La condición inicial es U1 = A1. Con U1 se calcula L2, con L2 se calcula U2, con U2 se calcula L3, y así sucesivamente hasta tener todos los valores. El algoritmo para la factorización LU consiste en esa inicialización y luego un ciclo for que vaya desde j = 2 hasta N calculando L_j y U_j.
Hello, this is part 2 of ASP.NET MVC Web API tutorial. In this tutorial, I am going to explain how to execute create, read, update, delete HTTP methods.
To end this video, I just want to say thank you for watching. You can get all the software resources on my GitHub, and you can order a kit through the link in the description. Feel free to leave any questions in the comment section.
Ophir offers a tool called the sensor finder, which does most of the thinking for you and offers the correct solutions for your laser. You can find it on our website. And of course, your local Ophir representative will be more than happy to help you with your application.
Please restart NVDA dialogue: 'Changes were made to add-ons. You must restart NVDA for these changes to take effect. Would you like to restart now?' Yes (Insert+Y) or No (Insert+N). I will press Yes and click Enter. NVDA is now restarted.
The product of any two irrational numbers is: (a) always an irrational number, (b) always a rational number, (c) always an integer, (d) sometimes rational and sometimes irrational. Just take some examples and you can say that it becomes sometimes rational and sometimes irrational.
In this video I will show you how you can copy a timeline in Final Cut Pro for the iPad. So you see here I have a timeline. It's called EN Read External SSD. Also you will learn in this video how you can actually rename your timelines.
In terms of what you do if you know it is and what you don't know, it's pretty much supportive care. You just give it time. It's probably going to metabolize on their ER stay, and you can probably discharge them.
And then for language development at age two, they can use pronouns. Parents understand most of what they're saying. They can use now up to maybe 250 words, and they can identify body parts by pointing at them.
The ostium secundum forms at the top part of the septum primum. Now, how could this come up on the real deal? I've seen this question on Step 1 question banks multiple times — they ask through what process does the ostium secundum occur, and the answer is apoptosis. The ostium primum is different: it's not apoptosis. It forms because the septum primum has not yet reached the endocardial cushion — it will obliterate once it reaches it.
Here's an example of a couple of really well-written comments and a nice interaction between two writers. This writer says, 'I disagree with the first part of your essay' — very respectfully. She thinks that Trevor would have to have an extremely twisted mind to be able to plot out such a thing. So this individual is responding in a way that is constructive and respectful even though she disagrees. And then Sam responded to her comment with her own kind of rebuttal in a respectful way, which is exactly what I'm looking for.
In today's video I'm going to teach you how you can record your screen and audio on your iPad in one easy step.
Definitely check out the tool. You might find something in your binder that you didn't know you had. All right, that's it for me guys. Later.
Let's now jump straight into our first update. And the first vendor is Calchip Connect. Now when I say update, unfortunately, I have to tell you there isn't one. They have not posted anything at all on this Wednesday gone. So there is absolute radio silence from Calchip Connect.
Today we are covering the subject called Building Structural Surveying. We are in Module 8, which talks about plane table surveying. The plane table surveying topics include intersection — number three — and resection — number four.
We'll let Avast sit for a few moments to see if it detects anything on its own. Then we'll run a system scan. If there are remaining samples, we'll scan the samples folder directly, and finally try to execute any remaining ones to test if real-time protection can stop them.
★ ★ ★ ★ ★
Your assignment — Nothing in the data may be omitted; transcribe it exactly.

Exercise output —
La condición inicial es U1 = A1. Con U1 se calcula L2, con L2 se calcula U2, con U2 se calcula L3, y así sucesivamente hasta tener todos los valores. El algoritmo para la factorización LU consiste en esa inicialización y luego un ciclo for que vaya desde j = 2 hasta N calculando L_j y U_j.
Hello, this is part 2 of ASP.NET MVC Web API tutorial. In this tutorial, I am going to explain how to execute create, read, update, delete HTTP methods.
To end this video, I just want to say thank you for watching. You can get all the software resources on my GitHub, and you can order a kit through the link in the description. Feel free to leave any questions in the comment section.
Ophir offers a tool called the sensor finder, which does most of the thinking for you and offers the correct solutions for your laser. You can find it on our website. And of course, your local Ophir representative will be more than happy to help you with your application.
Please restart NVDA dialogue: 'Changes were made to add-ons. You must restart NVDA for these changes to take effect. Would you like to restart now?' Yes (Insert+Y) or No (Insert+N). I will press Yes and click Enter. NVDA is now restarted.
The product of any two irrational numbers is: (a) always an irrational number, (b) always a rational number, (c) always an integer, (d) sometimes rational and sometimes irrational. Just take some examples and you can say that it becomes sometimes rational and sometimes irrational.
In this video I will show you how you can copy a timeline in Final Cut Pro for the iPad. So you see here I have a timeline. It's called EN Read External SSD. Also you will learn in this video how you can actually rename your timelines.
In terms of what you do if you know it is and what you don't know, it's pretty much supportive care. You just give it time. It's probably going to metabolize on their ER stay, and you can probably discharge them.
And then for language development at age two, they can use pronouns. Parents understand most of what they're saying. They can use now up to maybe 250 words, and they can identify body parts by pointing at them.
The ostium secundum forms at the top part of the septum primum. Now, how could this come up on the real deal? I've seen this question on Step 1 question banks multiple times — they ask through what process does the ostium secundum occur, and the answer is apoptosis. The ostium primum is different: it's not apoptosis. It forms because the septum primum has not yet reached the endocardial cushion — it will obliterate once it reaches it.
Here's an example of a couple of really well-written comments and a nice interaction between two writers. This writer says, 'I disagree with the first part of your essay' — very respectfully. She thinks that Trevor would have to have an extremely twisted mind to be able to plot out such a thing. So this individual is responding in a way that is constructive and respectful even though she disagrees. And then Sam responded to her comment with her own kind of rebuttal in a respectful way, which is exactly what I'm looking for.
In today's video I'm going to teach you how you can record your screen and audio on your iPad in one easy step.
Definitely check out the tool. You might find something in your binder that you didn't know you had. All right, that's it for me guys. Later.
Let's now jump straight into our first update. And the first vendor is Calchip Connect. Now when I say update, unfortunately, I have to tell you there isn't one. They have not posted anything at all on this Wednesday gone. So there is absolute radio silence from Calchip Connect.
Today we are covering the subject called Building Structural Surveying. We are in Module 8, which talks about plane table surveying. The plane table surveying topics include intersection — number three — and resection — number four.
We'll let Avast sit for a few moments to see if it detects anything on its own. Then we'll run a system scan. If there are remaining samples, we'll scan the samples folder directly, and finally try to execute any remaining ones to test if real-time protection can stop them.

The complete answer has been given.